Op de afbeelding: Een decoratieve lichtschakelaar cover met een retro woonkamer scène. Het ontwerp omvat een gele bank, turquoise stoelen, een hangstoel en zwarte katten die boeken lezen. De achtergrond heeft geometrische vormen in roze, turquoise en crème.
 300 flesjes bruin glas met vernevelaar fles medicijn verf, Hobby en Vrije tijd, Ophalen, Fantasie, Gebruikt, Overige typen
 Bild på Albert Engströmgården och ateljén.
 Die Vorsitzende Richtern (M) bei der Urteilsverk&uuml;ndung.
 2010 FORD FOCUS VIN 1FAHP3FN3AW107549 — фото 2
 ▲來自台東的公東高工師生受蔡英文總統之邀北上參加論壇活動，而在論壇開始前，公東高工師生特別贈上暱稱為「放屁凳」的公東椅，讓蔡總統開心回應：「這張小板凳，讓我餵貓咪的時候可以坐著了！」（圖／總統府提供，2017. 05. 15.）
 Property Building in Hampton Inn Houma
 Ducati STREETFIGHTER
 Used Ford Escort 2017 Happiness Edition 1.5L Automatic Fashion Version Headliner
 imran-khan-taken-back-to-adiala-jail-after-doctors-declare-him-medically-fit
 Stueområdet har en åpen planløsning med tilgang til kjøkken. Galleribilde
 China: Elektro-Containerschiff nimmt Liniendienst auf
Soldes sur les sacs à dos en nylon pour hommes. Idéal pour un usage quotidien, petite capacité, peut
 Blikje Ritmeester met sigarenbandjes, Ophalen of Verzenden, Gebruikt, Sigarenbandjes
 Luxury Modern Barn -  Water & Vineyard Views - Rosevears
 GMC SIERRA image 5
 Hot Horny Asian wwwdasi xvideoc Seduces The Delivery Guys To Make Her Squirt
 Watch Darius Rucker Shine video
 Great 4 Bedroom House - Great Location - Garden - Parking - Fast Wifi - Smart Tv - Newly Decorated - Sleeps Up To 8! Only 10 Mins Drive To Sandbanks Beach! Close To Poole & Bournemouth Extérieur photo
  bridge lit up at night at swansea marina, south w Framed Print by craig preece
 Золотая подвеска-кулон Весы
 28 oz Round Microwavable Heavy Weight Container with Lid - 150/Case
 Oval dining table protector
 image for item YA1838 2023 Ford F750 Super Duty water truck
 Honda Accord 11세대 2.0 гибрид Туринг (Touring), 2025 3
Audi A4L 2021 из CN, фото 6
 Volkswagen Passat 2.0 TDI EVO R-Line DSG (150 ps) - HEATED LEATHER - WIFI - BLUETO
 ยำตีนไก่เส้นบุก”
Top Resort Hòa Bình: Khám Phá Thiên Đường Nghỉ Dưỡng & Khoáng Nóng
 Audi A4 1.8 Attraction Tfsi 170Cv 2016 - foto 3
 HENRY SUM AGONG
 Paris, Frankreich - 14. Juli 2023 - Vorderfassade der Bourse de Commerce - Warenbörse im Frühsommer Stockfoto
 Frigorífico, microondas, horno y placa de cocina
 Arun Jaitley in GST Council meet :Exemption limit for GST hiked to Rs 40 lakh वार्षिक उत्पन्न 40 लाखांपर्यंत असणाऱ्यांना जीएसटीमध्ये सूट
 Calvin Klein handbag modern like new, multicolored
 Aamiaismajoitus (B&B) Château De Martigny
....
Task statement: Out of the data above, transcribe exactly and only the lines starting with the line that has "2010 FORD FOCUS" and going on through the line that has "Hot Horny Asian", both included.

Exercise output:
 2010 FORD FOCUS VIN 1FAHP3FN3AW107549 — фото 2
 ▲來自台東的公東高工師生受蔡英文總統之邀北上參加論壇活動，而在論壇開始前，公東高工師生特別贈上暱稱為「放屁凳」的公東椅，讓蔡總統開心回應：「這張小板凳，讓我餵貓咪的時候可以坐著了！」（圖／總統府提供，2017. 05. 15.）
 Property Building in Hampton Inn Houma
 Ducati STREETFIGHTER
 Used Ford Escort 2017 Happiness Edition 1.5L Automatic Fashion Version Headliner
 imran-khan-taken-back-to-adiala-jail-after-doctors-declare-him-medically-fit
 Stueområdet har en åpen planløsning med tilgang til kjøkken. Galleribilde
 China: Elektro-Containerschiff nimmt Liniendienst auf
Soldes sur les sacs à dos en nylon pour hommes. Idéal pour un usage quotidien, petite capacité, peut
 Blikje Ritmeester met sigarenbandjes, Ophalen of Verzenden, Gebruikt, Sigarenbandjes
 Luxury Modern Barn -  Water & Vineyard Views - Rosevears
 GMC SIERRA image 5
 Hot Horny Asian wwwdasi xvideoc Seduces The Delivery Guys To Make Her Squirt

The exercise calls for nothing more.